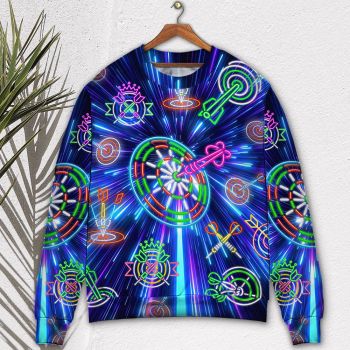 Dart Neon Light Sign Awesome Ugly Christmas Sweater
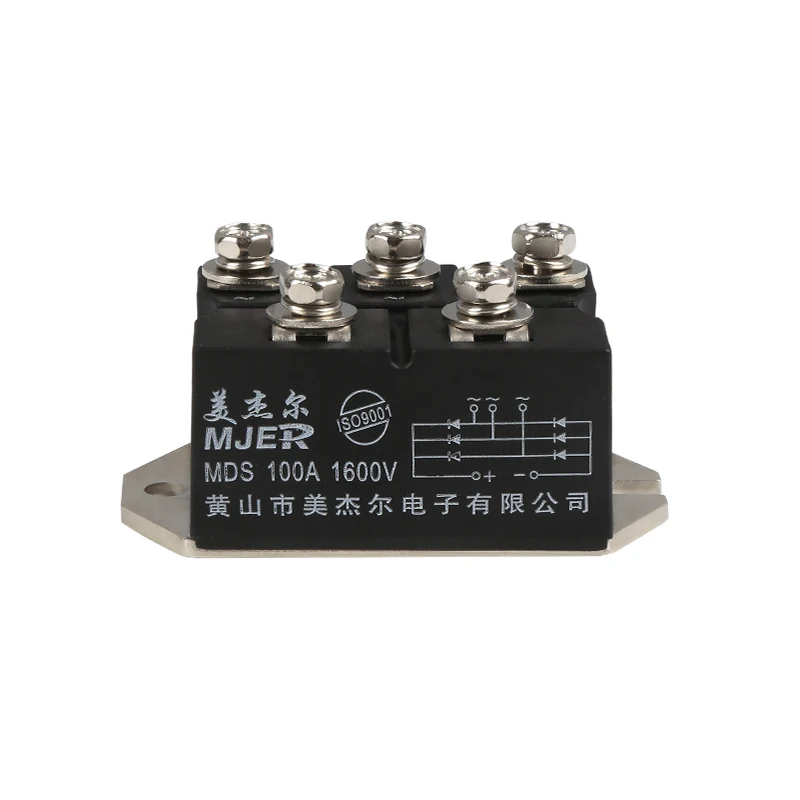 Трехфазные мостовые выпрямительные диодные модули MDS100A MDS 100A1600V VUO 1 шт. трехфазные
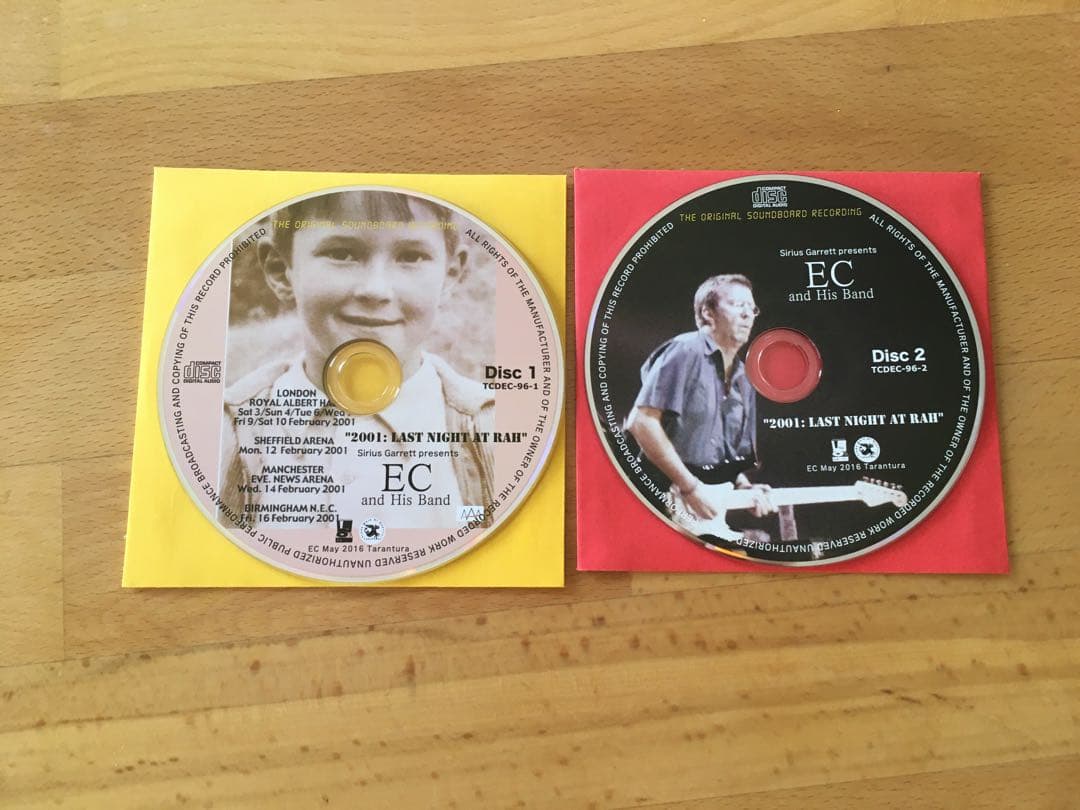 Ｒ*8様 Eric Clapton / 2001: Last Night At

------------------------------------------------------------------------

What you should do:
Write every line above out again exactly; pictures do not belong in the copy.

Task result:
 Dart Neon Light Sign Awesome Ugly Christmas Sweater
 Трехфазные мостовые выпрямительные диодные модули MDS100A MDS 100A1600V VUO 1 шт. трехфазные
 Ｒ*8様 Eric Clapton / 2001: Last Night At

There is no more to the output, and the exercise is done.